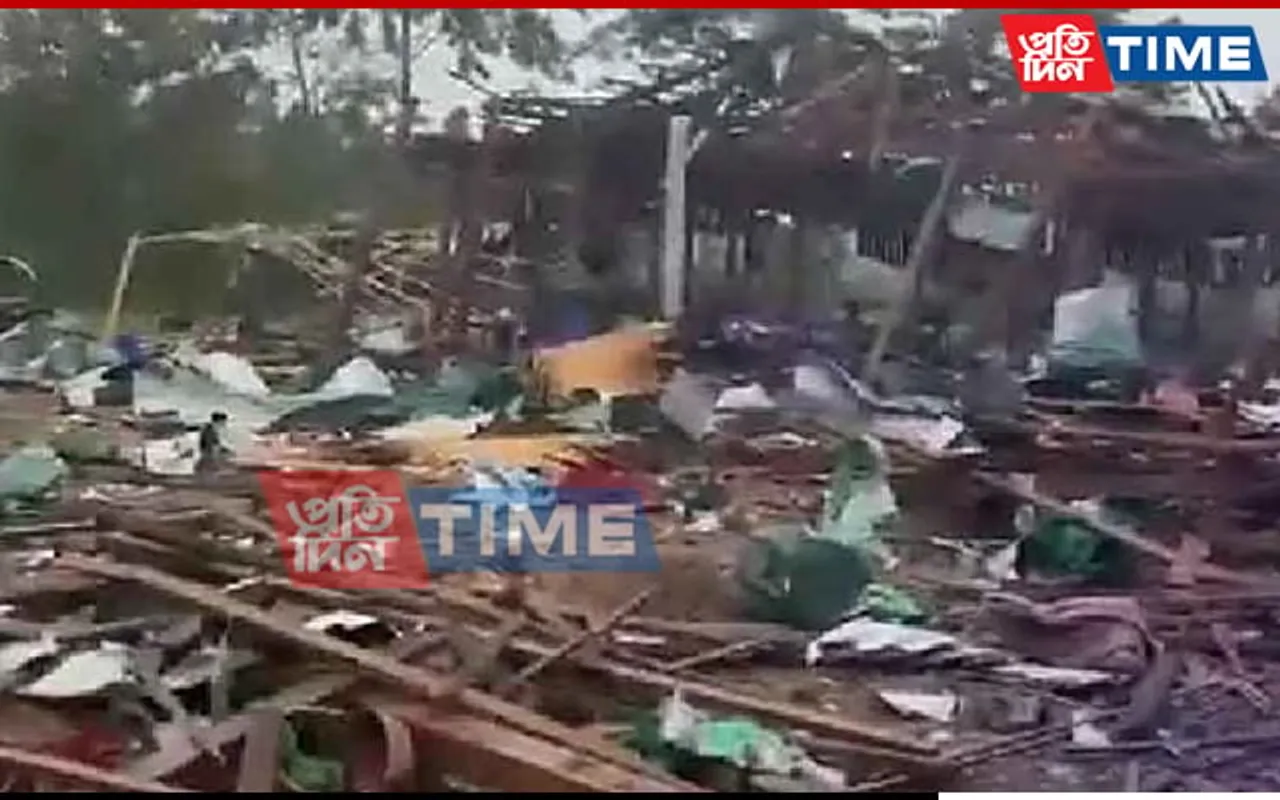 UN Expresses Concern over Airstrikes in Myanmar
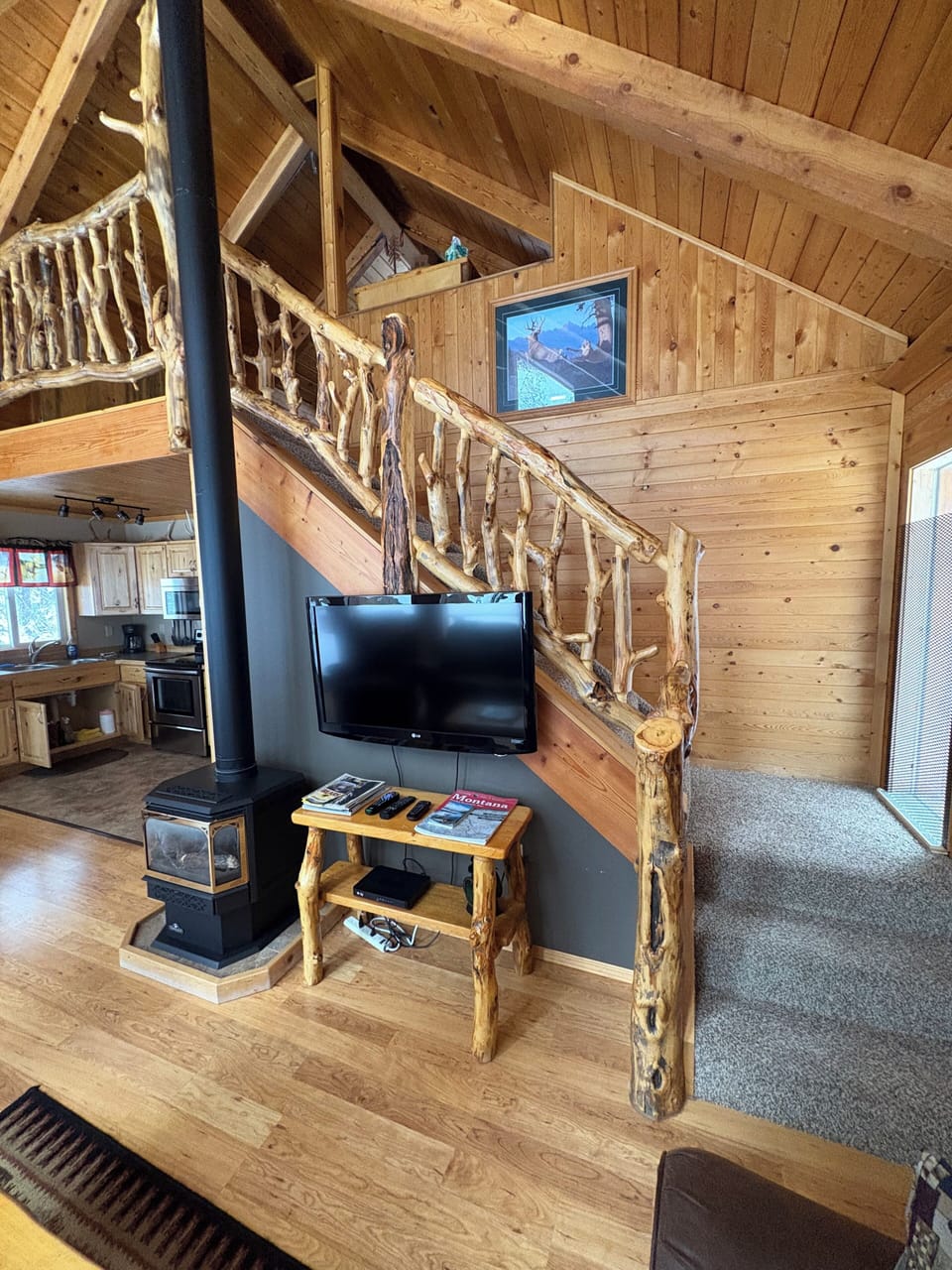 Loft stairs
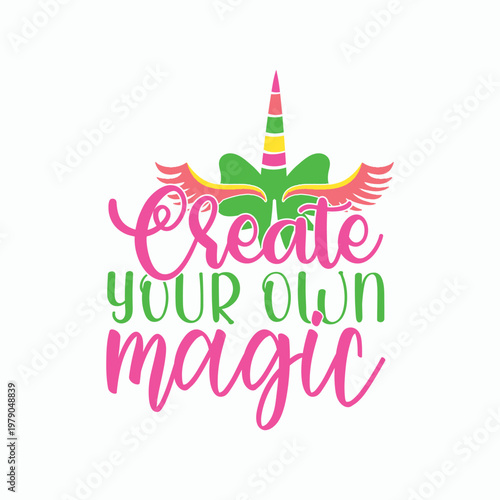 Create your own magic 1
====================
Return each line of the material exactly as written; exclude the pictures.

 UN Expresses Concern over Airstrikes in Myanmar
 Loft stairs
 Create your own magic 1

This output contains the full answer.